Regards,Bob @ Kidderville Acres
A Woodworkers mind should be the sharpest tool in the shop!
Lataxe,
To me, the reason to have two machines instead of one is the same reasoning between individual machines versus a combination machine. Single-function tools take less time to set-up. In my shop, boards seem to be about 8" or less (I have an 8" jointer and 13" thickness planer) or massive slabs 15"-40" wide.

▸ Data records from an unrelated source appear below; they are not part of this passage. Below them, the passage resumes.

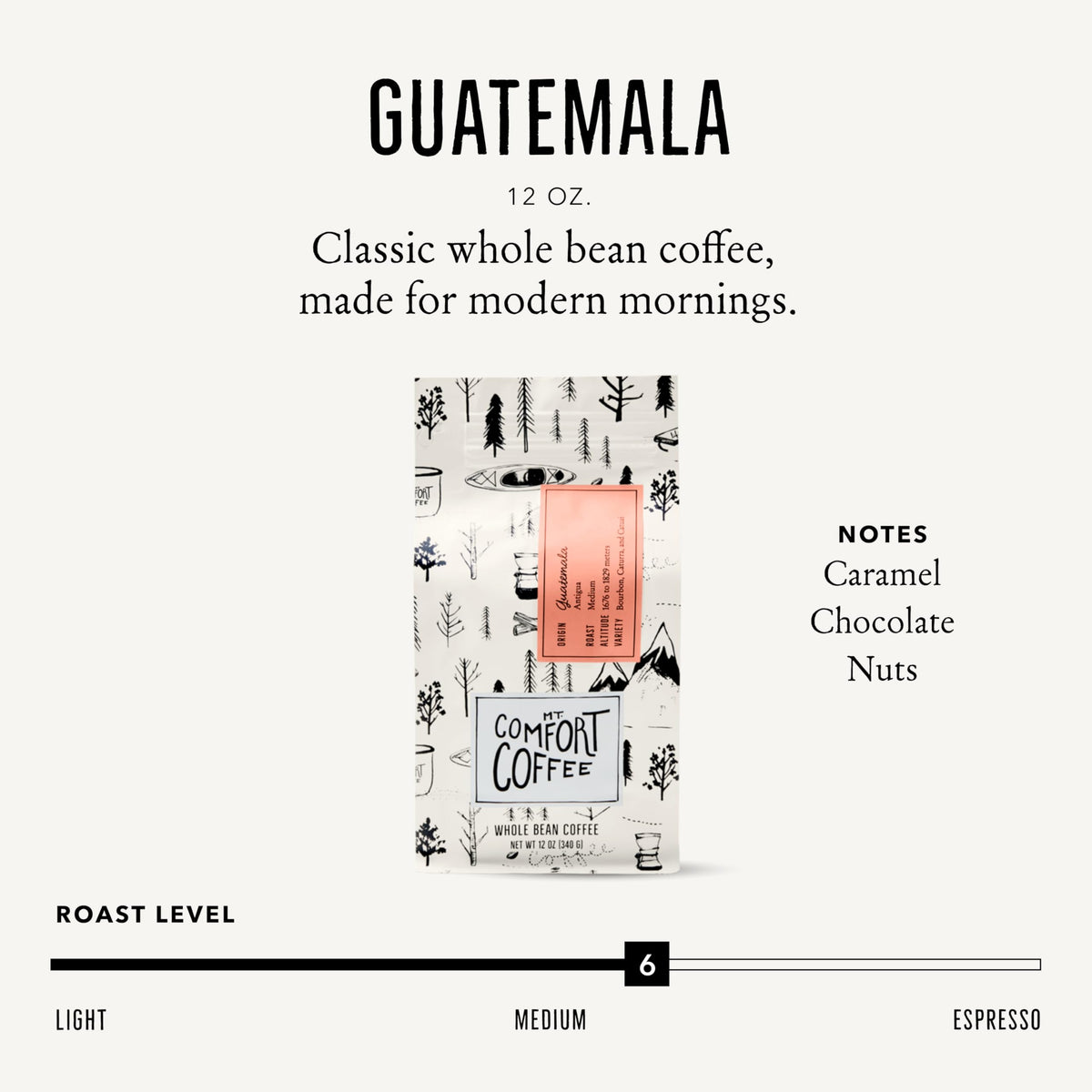 Mt. Comfort Coffee Guatemala Medium Roast ground coffee ideal for quick mornings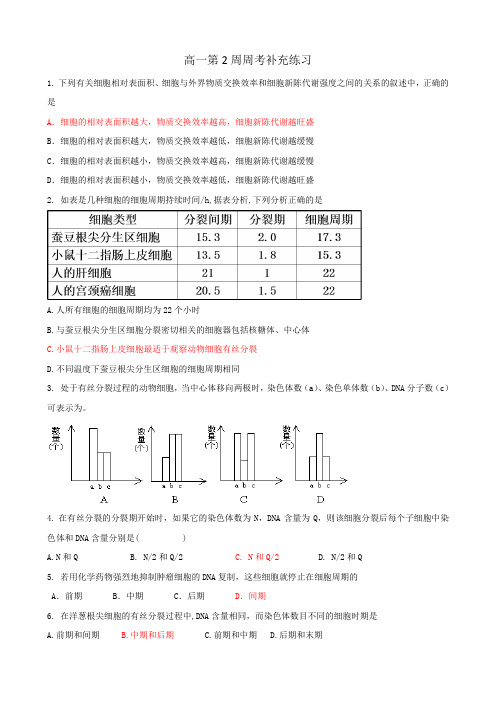 细胞增殖练习(含答案)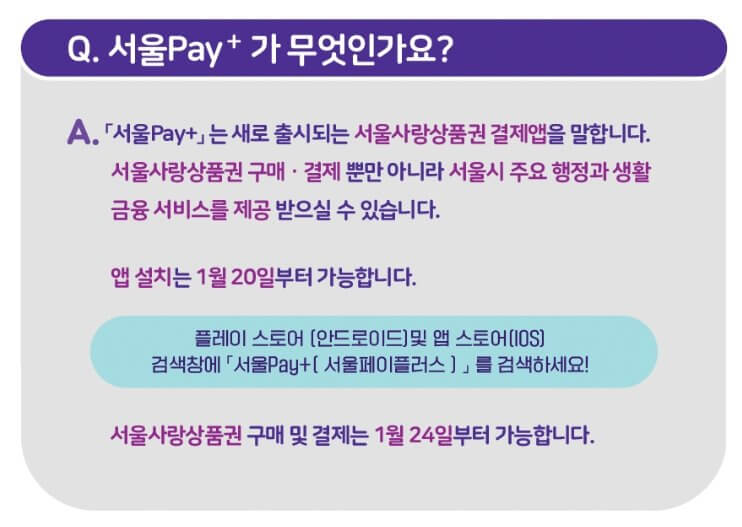 서울사랑상품권 7%할인판매시작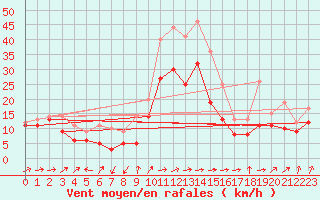 Courbe de la force du vent pour Gottfrieding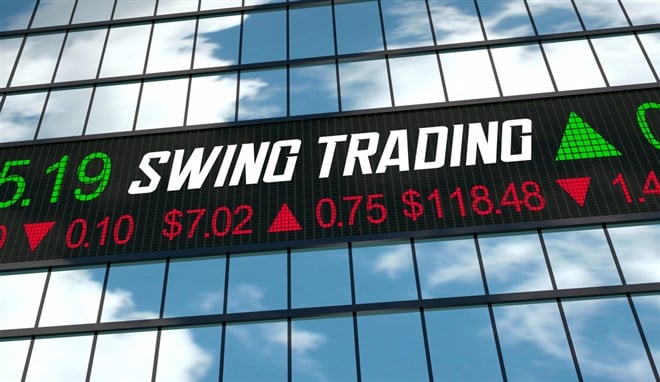 Image of the words swing trading on the side of a building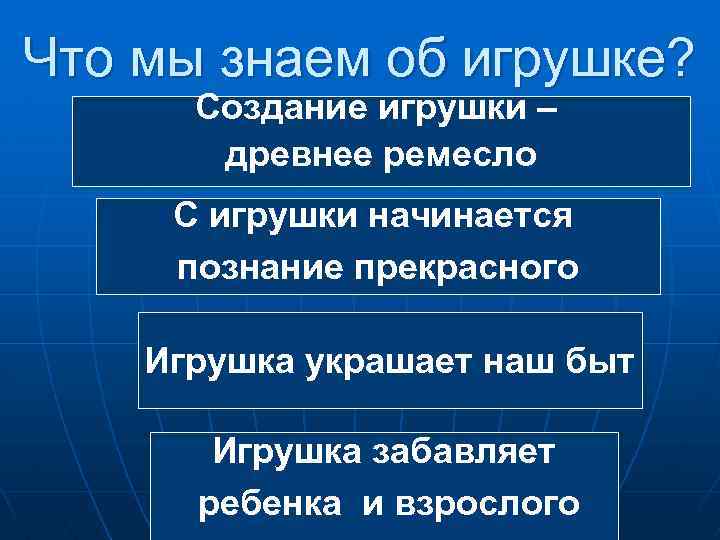 Что мы знаем об игрушке? Создание игрушки – древнее ремесло С игрушки начинается познание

PS: Step 0. Ha. Just don't go into the negatives.Chris @ http://www.flairwoodwork.spaces.live.com
- Success is not the key to happines. Happiness is the key to success. If you love what you are doing, you will be successful. - Albert Schweitzer
My father in law calls his grizzley jointer a 'surfacer'; while he is not wrong, that line of thinking leaves a lot of unused potential in the tool. While both tools cut with a planing action, the big difference is in what they reference in making the cut. The thickness planer referecences a thickness (and is relatively blind to making a board straight along its length, and even if it weren't it could only handle small bows and would stall out on large ones--basically, it's unsafe and only partially effective as a jointer), a certain distance away from the stock table. The jointer references a line, because precisely aligned and lengthy tables are coplanar with the cutting edge. The jointer is completely blind to stock thickness so it is easy to make a perfectly strait and surfaced wedge when and if you think it is a thicknesser. Which face of the board you are running (edge or wider 'face')does not change the purpose of the tool. You can thickness an edge just as you can joint a face. I'm no expert at face jointing, and I and others get along without doing a whole lot of it, but that does not make it any less fundamental. Whenever I don't face joint before planing I accept that I am using a somewhat imperfect board, and yes a wider jointer is on the list. Just some information.